Interest in adapting Boulle’s novel to the screen started not long after the book was published, but the man who ultimately secured the rights and played the critical role in creating the franchise was publicist turned producer Arthur P. Jacobs. Jacobs was looking for a sci-fi or fantasy property to film, and had even thought briefly of remaking King Kong, but was presented with Les Planete des Singes by a French literary agent. He persuaded Fox president Richard Zanuck to purchase the rights for him — although neither man thought about how they would actually bring the book to life on the screen and in fact Zanuck kept passing on actually making the movie for several years because of Fox’s financial troubles at the time (the studio was nearly sank by the failure of the $40 million Cleopatra).

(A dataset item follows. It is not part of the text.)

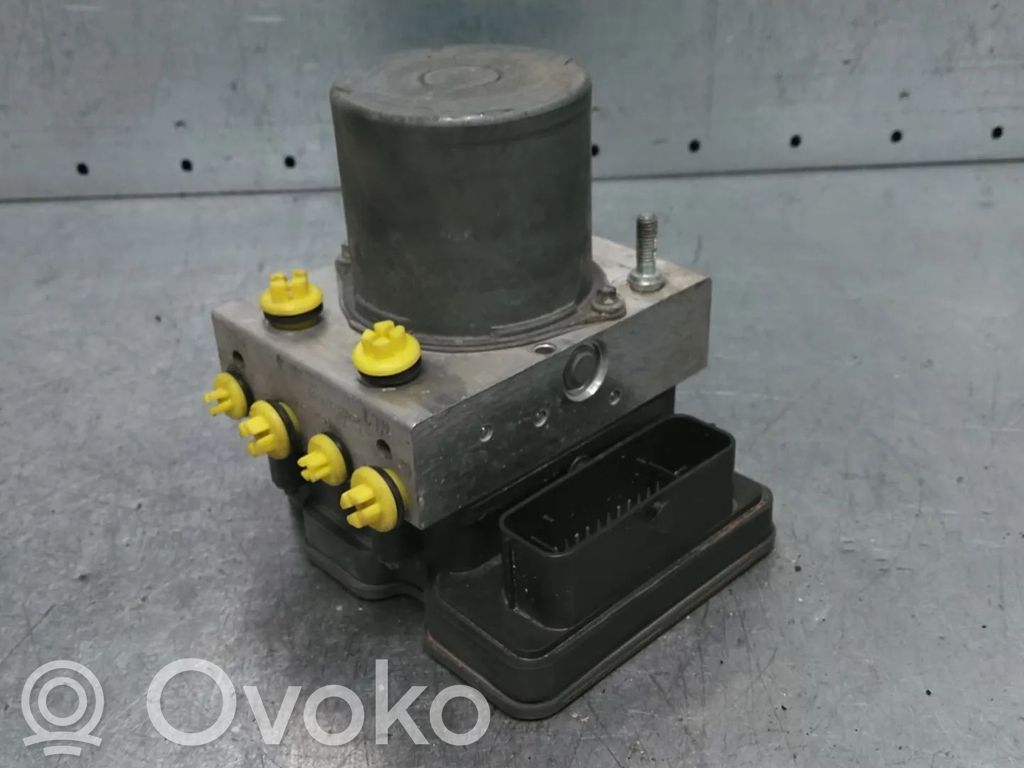 ABS-pumppu   KK212B373AN,2508910,BKFB,KK212B373SE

Jacobs was allowed to offer the project to other studios, all of whom passed. Along the way he hired Rod Serling, creator of The Twilight Zone, to pen a screenplay, with the famed writer delivering draft after draft as Jacobs shopped the film around. The original director was J. Lee Thompson, who later went on to direct the last two entries in the series, Conquest of the Planet of the Apes and Battle for the Planet of the Apes. Among the actors suggested for the role of Merou were Marlon Brando, Steve McQueen, Burt Lancaster and Paul Newman, while Jacobs wanted Ursula Andress as the human savage Nova whom the lead character strikes up a relationship with. Thompson eventually left the project since it was taking so long to set up and was replaced for a while by Blake Edwards (The Pink Panther).
In the meantime, Jacobs brought in another writer, Michael Wilson, to make changes to Serling’s script because of the huge budget that Serling’s adaptation entailed. Wilson’s idea was to replace the technologically advanced, modern civilization of the apes — in which they lived in cities, drove cars and were an industrialized society — with a more primitive, agrarian one. Other changes were made along the way by Serling, Wilson and a handful of other writers: Merou was Americanized, first as John Thomas and eventually as George Taylor, although many incidents from the book — like the astronauts’ discovery of the savage humans, the hunt by the gorillas, and chimp scientist Zira’s fascination with and empathy for Merou/Thomas/Taylor — were retained.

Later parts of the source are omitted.